Set up and electrotyped. Published March, 1921. 
 
Norwood Press 
J.S. Cushing Co.--Berwick & Smith Co. 
NORWOOD, MASS., U.S.A. 
 
PREFACE
As things now stand, the course of instruction in American history in 
our public schools embraces three distinct treatments of the subject. 
Three separate books are used. First, there is the primary book, which is 
usually a very condensed narrative with emphasis on biographies and 
anecdotes. Second, there is the advanced text for the seventh or eighth 
grade, generally speaking, an expansion of the elementary book by the 
addition of forty or fifty thousand words. Finally, there is the high 
school manual. This, too, ordinarily follows the beaten path, giving 
fuller accounts of the same events and characters. To put it bluntly, we 
do not assume that our children obtain permanent possessions from 
their study of history in the lower grades. If mathematicians followed 
the same method, high school texts on algebra and geometry would 
include the multiplication table and fractions. 

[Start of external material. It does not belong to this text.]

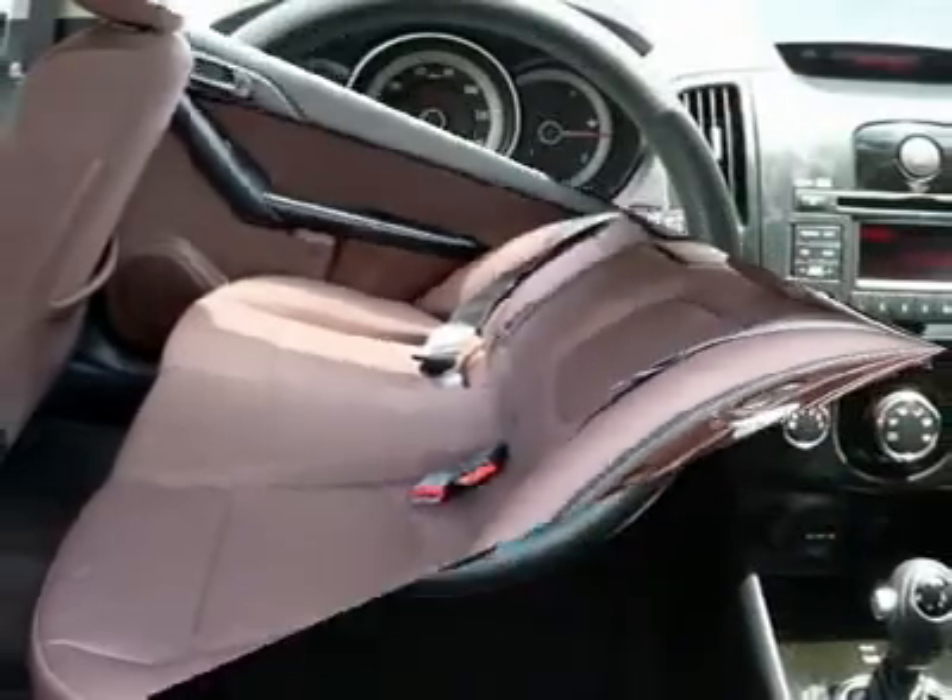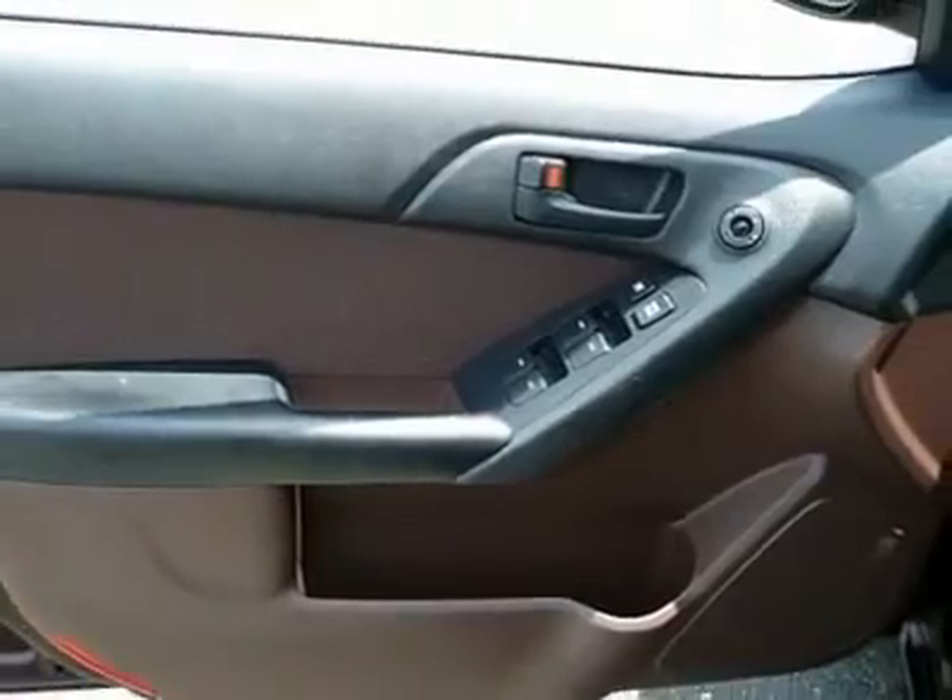Air conditioning, power steering, adjustable steering wheel, cruise control, floor mats, and keyless entry.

There is, of course, a ready answer to the criticism advanced above. It 
is that teachers have learned from bitter experience how little history 
their pupils retain as they pass along the regular route. No teacher of 
history will deny this. Still it is a standing challenge to existing 
methods of historical instruction. If the study of history cannot be made 
truly progressive like the study of mathematics, science, and languages, 
then the historians assume a grave responsibility in adding their subject 
to the already overloaded curriculum. If the successive historical texts 
are only enlarged editions of the first text--more facts, more dates, more 
words--then history deserves most of the sharp criticism which it is 
receiving from teachers of science, civics, and economics. 

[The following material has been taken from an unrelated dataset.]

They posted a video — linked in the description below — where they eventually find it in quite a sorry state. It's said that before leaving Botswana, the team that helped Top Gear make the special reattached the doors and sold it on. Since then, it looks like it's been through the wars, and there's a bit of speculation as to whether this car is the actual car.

In this condition of affairs we find our justification for offering a new 
high school text in American history. Our first contribution is one of 
omission. The time-honored stories of exploration and the biographies 
of heroes are left out. We frankly hold that, if pupils know little or 
nothing about Columbus, Cortes, Magellan, or Captain John Smith by 
the time they reach the high school, it is useless to tell the same stories 
for perhaps the fourth time. It is worse than useless. It is an offense 
against the teachers of those subjects that are demonstrated to be 
progressive in character. 
In the next place we have omitted all descriptions of battles. Our
reasons for this are simple. The strategy of a campaign or of a single 
battle is a highly technical, and usually a highly controversial, matter 
about which experts differ widely. In the field of military and naval 
operations most writers and teachers of history are mere novices. To 
dispose of Gettysburg or the Wilderness in ten lines or ten pages is 
equally absurd to the serious student of military affairs. Any one who 
compares the ordinary textbook account of a single Civil War 
campaign with the account given by Ropes, for instance, will ask for no 
further comment. No youth called upon to serve our country in arms 
would think of turning to a high school manual for information about 
the art of warfare. The dramatic scene or episode, so useful in arousing 
the interest of the immature pupil, seems out of place in a book that 
deliberately appeals to boys and girls on the very threshold of life's 
serious responsibilities. 
It is not upon negative features, however, that we rest our case. It is 
rather upon constructive features. 
First. We have written a topical, not a narrative, history. We have tried 
to set forth the important aspects, problems, and movements of each 
period, bringing in the narrative rather by way of illustration. 
Second. We have emphasized those historical topics which help to 
explain how our nation has come to be what it is to-day. 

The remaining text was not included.